Combine the functional upgrade with a simultaneous surround makeover — the new insert and the new surround specified together as a unified design — for the most complete and most visually resolved fireplace transformation.
13. Style the Mantel as a Composed Still Life

A fireplace makeover that requires no construction, no tiling, and no structural change — but that transforms the fireplace’s visual presence in the room completely through the quality and the composition of the objects arranged on the mantel surface.
It is the most immediately achievable and most frequently underestimated transformation on this list. A single large artwork leaned against the wall above the mantel rather than being hung. Three ceramic objects of varying height in a tonal composition.
One significant plant. Two candles of genuine quality.

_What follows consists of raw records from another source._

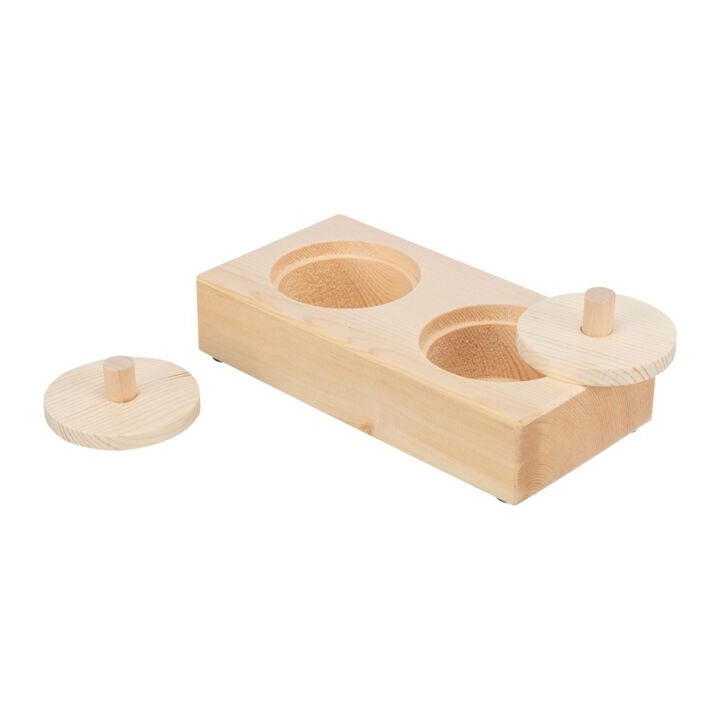 Trixie Snack box, zabawka edukacyjna dla papug / królików / gryzoni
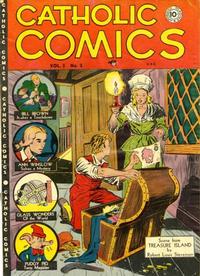 Cover Thumbnail for Catholic Comics (Charlton, 1946 series) #v3#2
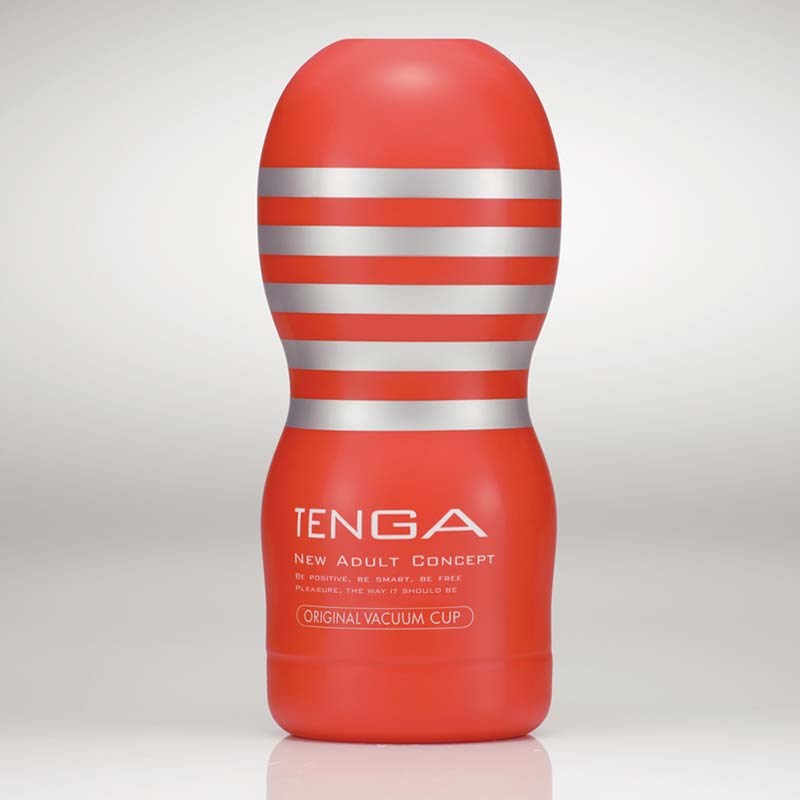 Tenga Original Vacuum Cup - - Masturbators and Strokers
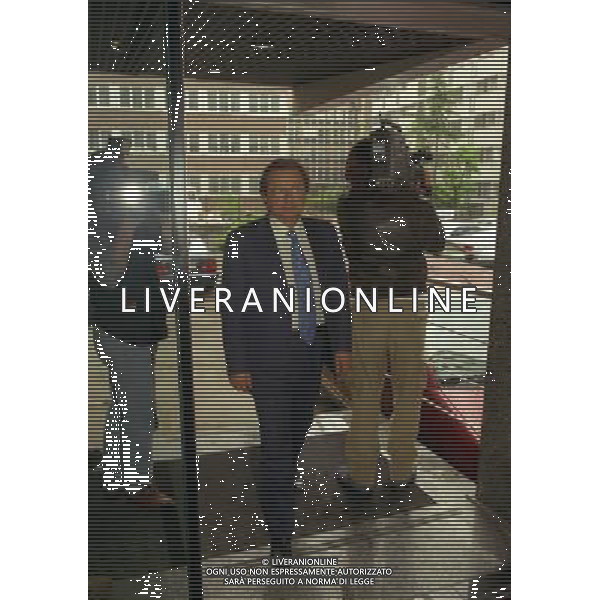 MILANO 27-04 1999 ASSEMBLEA DEI PRESIDENTI VIA ROSSELLINI NELLA FOTO GINO CORIONI AG ALDO LIVERANI SAS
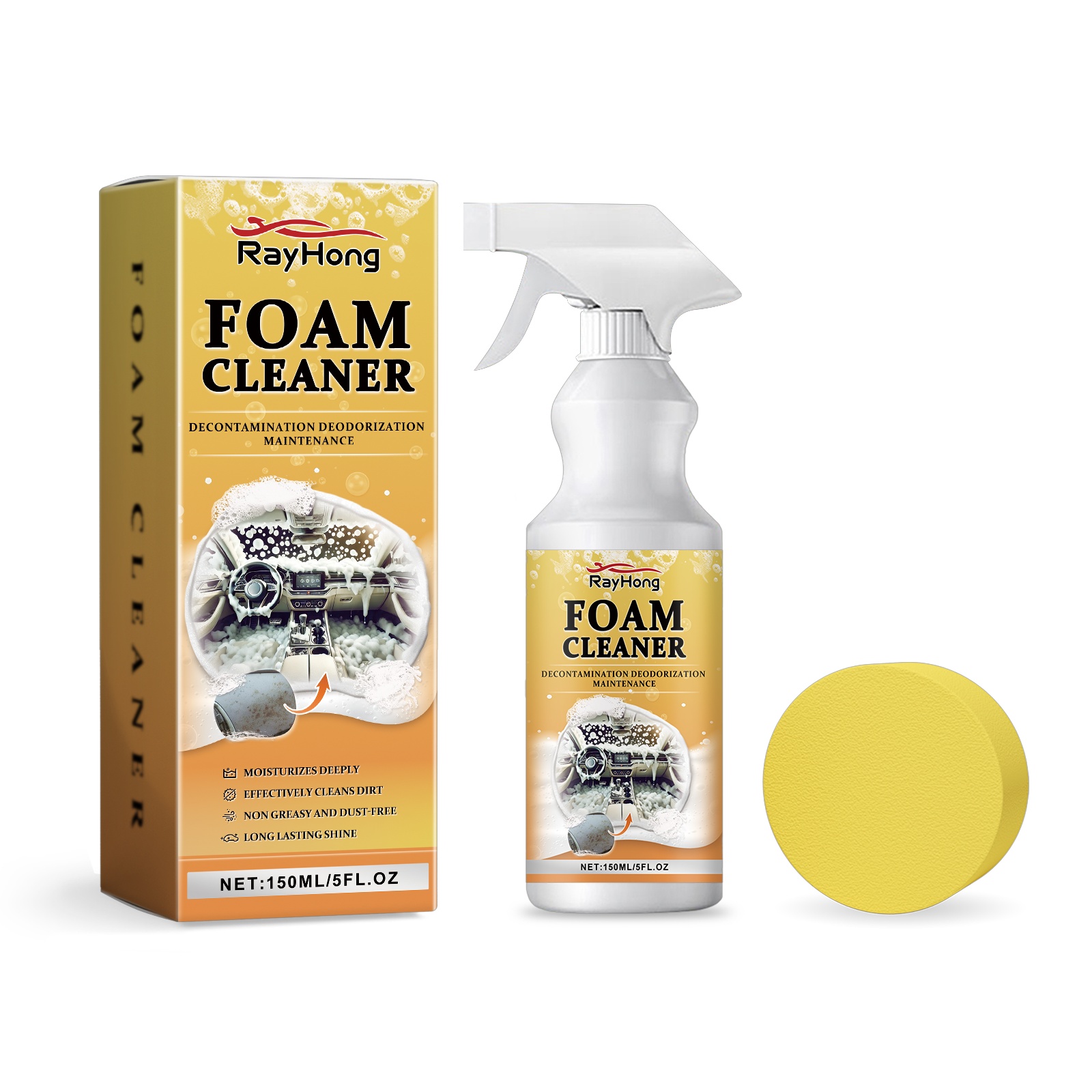 Foam cleaner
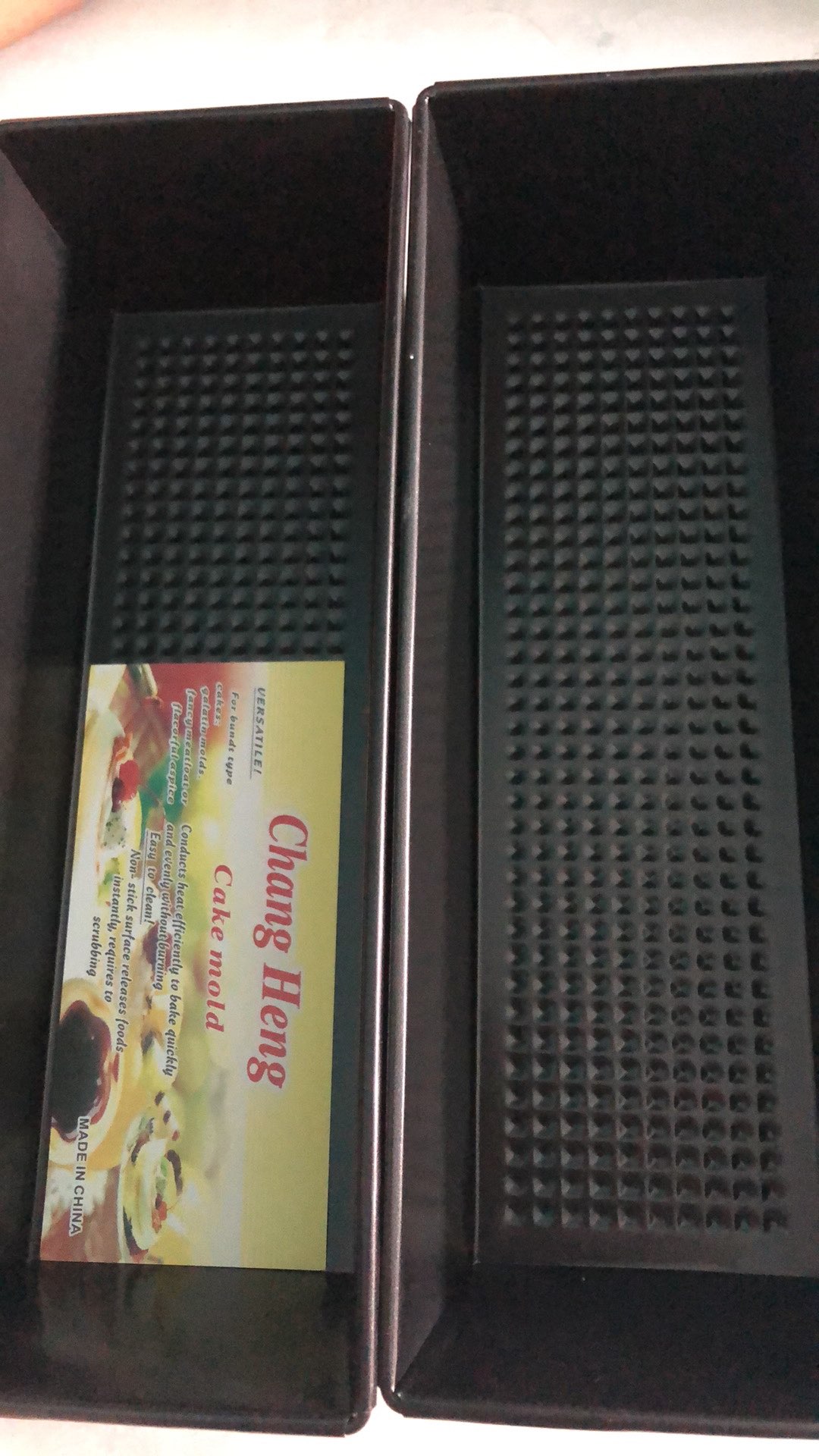 30912-44 Loyang Teflon Persegi Panjang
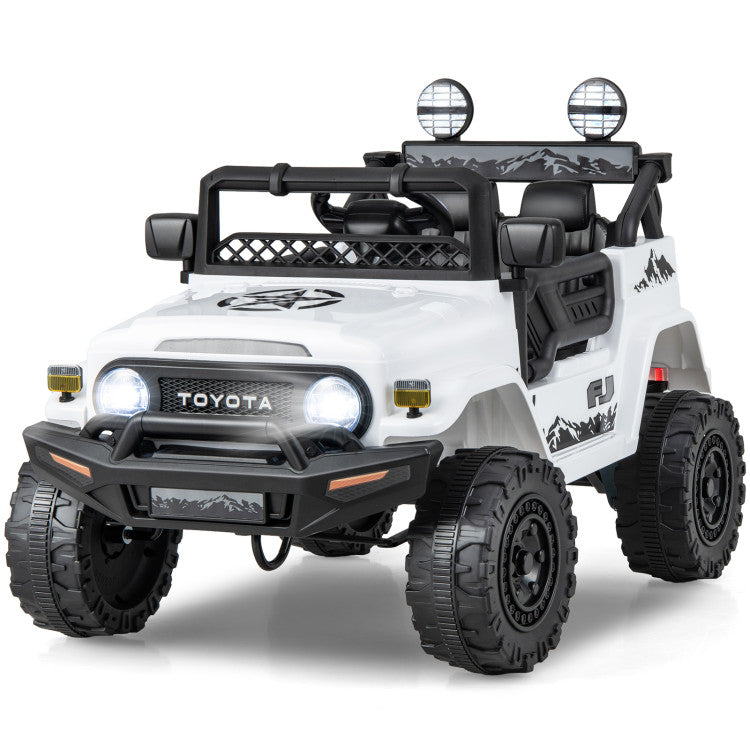 Battery-powered cars for kids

The mantel styled to this degree of restraint and this quality of selection reads as the room’s most composed and most beautiful surface — not because of the individual objects but because of the quality of the editing that chose exactly these objects and exactly this arrangement and nothing more.
14. Paint the Interior of the Firebox

The interior of the firebox — the chamber visible within the fireplace opening that most people leave in its existing sooty black or painted state, regardless of its contribution to the overall visual quality of the fireplace — painted in a high-temperature paint in a colour that creates a deliberate contrast with the surrounding surround is the fireplace makeover detail of least cost, least complexity, and most immediate visual surprise. A firebox interior painted in a deep terracotta inside a white painted surround.
A firebox in warm copper metal inside a dark green surround. A firebox in bright white inside a dark, stacked stone surround — each of these creates a composed colour relationship between the surround and the firebox interior that reads as genuinely designed rather than simply functional, converting the firebox from an afterthought to the focal point within the focal point.
Final Thoughts: Choosing the Fireplace Makeover That Transforms the Room
The fireplace makeover that most completely transforms a room is not necessarily the most expensive or the most structurally ambitious — it is the one that most honestly addresses the existing fireplace’s specific problems and most directly delivers the specific quality of architectural beauty and material character that the room requires from its primary focal point.
Assess the existing fireplace honestly — its proportion, its material, its relationship to the room’s overall palette and design language — and choose the makeover approach that corrects what is actually wrong rather than the one that is most popular or most recently seen in a design publication. The fireplace done right is the room done right — and the room with a genuinely beautiful fireplace at its centre is always the room that feels most completely and most warmly designed.